CONDOR OPTION TRADING STRATEGY EXPLAINED -With examples from future option trading
Here I'll explain the condor option trading strategy. As the underlying in the examples we'll use the CME ® Aug-08 lean hogs future.
First thing to note is that a long condor is a bet on a big move in the market, in this case in the price of the underlying future. Vice versa, a short condor is a bet that the market will be quiet. This strategy is thus neutral when it comes to direction. So the condor is a relative of the butterfly, strangle and straddle option trading strategies.
Before explaining further, I suggest you make sure you're familiar with payoff diagrams and how to read option quotes. For definitions of lean hogs futures and options, visit CME®.

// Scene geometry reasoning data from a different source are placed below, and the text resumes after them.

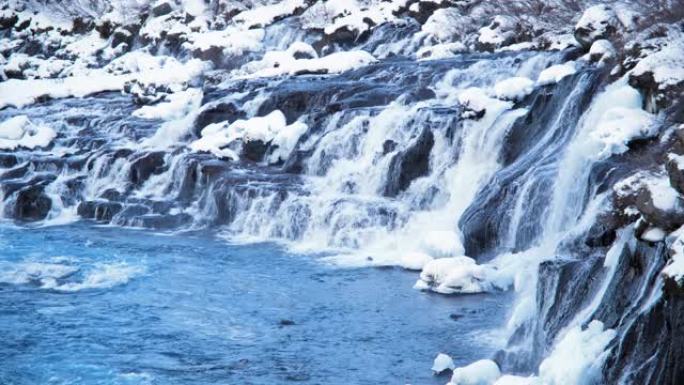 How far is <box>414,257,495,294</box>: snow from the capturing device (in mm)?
14750

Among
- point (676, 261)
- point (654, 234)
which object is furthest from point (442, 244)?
point (676, 261)

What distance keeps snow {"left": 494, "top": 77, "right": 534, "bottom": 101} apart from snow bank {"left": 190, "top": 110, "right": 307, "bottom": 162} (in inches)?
198

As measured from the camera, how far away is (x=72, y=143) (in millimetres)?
25938

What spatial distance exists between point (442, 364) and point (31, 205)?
45.0 ft

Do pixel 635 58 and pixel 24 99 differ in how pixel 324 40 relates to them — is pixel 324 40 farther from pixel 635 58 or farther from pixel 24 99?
pixel 635 58

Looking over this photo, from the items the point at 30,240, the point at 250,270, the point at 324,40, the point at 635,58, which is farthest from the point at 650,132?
the point at 324,40

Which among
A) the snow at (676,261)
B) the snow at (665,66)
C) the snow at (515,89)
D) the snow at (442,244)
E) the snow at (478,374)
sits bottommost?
the snow at (478,374)

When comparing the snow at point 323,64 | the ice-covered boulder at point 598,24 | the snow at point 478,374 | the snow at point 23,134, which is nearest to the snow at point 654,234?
the snow at point 478,374

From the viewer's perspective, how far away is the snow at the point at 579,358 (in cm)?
899

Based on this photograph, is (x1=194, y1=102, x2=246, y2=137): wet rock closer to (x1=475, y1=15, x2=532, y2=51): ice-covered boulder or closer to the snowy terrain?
the snowy terrain

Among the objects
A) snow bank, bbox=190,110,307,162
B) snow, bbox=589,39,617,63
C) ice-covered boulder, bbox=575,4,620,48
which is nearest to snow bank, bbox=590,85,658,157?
snow, bbox=589,39,617,63

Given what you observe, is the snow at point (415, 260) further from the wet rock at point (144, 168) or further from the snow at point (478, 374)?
the wet rock at point (144, 168)

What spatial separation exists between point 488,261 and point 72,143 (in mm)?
13972

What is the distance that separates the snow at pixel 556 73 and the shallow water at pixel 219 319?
526 centimetres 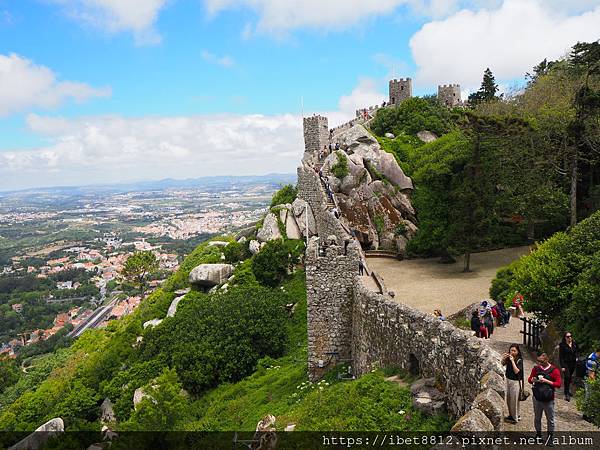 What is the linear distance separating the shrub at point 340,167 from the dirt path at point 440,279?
597 centimetres

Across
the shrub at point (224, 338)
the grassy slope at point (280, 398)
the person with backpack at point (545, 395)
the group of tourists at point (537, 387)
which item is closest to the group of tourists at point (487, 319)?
the grassy slope at point (280, 398)

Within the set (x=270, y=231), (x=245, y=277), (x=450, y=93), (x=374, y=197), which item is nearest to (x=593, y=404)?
(x=245, y=277)

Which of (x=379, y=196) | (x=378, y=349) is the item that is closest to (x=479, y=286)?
(x=379, y=196)

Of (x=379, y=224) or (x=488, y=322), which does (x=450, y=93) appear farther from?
(x=488, y=322)

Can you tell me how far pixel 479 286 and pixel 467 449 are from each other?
56.2 ft

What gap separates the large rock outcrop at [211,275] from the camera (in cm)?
2834

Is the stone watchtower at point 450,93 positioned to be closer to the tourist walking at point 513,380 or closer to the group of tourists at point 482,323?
the group of tourists at point 482,323

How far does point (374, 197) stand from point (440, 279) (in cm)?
804

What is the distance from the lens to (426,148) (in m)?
30.9

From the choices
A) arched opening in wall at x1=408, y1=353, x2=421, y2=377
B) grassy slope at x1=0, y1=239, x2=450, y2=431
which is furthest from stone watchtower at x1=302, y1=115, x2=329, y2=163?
arched opening in wall at x1=408, y1=353, x2=421, y2=377

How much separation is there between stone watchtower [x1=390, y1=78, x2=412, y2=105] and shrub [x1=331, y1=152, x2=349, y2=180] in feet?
60.4

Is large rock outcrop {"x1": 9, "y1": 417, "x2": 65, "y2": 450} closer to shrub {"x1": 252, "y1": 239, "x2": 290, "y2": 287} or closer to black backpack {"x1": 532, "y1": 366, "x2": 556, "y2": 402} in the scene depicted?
shrub {"x1": 252, "y1": 239, "x2": 290, "y2": 287}

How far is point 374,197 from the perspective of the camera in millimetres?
28234

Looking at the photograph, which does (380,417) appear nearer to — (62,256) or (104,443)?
(104,443)
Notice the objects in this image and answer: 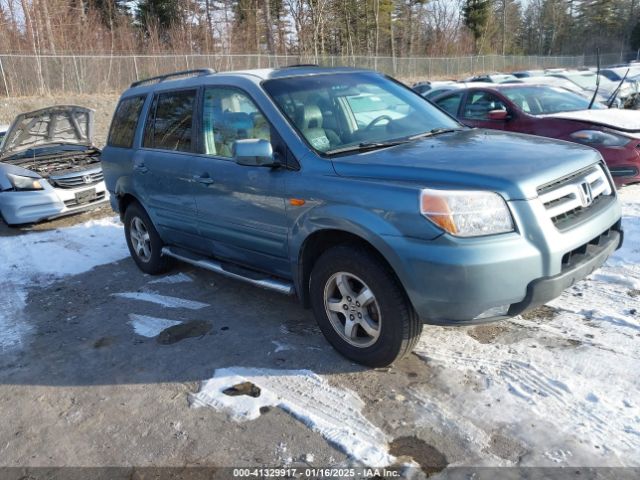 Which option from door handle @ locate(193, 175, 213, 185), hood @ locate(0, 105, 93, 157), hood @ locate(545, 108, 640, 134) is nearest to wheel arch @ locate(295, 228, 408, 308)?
door handle @ locate(193, 175, 213, 185)

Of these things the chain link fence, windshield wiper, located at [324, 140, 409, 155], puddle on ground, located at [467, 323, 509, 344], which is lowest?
puddle on ground, located at [467, 323, 509, 344]

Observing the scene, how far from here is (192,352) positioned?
3.93 m

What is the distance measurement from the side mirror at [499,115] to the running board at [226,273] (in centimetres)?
487

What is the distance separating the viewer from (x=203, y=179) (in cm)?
434

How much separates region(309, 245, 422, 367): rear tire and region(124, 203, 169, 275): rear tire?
239cm

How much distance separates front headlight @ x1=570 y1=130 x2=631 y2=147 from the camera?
663 centimetres

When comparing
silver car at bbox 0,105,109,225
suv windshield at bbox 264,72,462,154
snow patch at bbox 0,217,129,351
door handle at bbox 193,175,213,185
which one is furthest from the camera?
silver car at bbox 0,105,109,225

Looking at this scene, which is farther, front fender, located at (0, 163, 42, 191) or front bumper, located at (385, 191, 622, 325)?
front fender, located at (0, 163, 42, 191)

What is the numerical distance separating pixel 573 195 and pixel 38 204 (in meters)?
7.31

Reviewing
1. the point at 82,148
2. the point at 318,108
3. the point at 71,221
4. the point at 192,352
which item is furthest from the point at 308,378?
the point at 82,148

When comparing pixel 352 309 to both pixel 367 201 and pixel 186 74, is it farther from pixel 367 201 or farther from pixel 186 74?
pixel 186 74

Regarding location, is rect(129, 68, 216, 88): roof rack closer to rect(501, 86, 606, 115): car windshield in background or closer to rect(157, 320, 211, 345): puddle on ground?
rect(157, 320, 211, 345): puddle on ground

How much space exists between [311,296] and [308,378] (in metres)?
0.54

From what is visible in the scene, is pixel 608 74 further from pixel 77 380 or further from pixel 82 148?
pixel 77 380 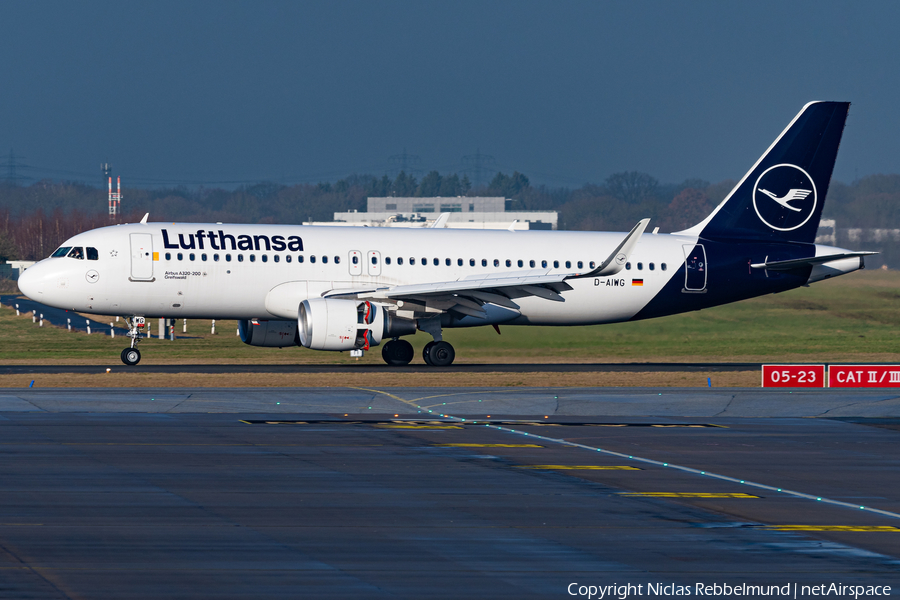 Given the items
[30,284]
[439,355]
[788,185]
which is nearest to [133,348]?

So...we expect a major move in the market but are not sure about the direction. At the time of writing we're in the beginning of what might be a collapse in the US housing market. Will this lead to a downturn in the economy or will the storm pass quickly? And how does the answer to that question impact our view of lean hogs futures? Assuming that we don't have a strong opinion on the first question, a directionally neutral future option trading strategy is our choice.
The condor consists of one long put, one long call, one short put and one short call. In this strategy the long options have the same strike price, the short call has a higher strike price than the long options and the short put has a lower strike price than the long options. So to in order of strike price:
Lowest strike price: Short put
Middle strike: Long call and put
Highest strike: Short call
We short the options with the low and high strikes, or the "wings". Thus we forego the profit of accruing from those options at very low and very high prices. Had we not done this, we'd ended up with a straddle. This makes the condor more cautious a strategy than the straddle.
Let's now construct a condor. Back to the CME® options on Aug-08 lean hogs futures. This future has so far traded between 69.5$ and 74$. Looking at other lean hog futures with delivery closer in time, we see that they exhibit a similar trading range. Expecting some resistance/support at these two levels might make you appreciate the profit opportunities in the "wingtips" less. Thus preferring a condor over a straddle.
A by-the-book condor future option position is symmetrical. The closest strikes to 69.5$ and 74$ are the 70$ and 74$. So we go short a put with strike 70$ and short a call with strike 74$. For symmetry we choose 72$ as the strike for our long call and put. All the options expiring in Aug 08.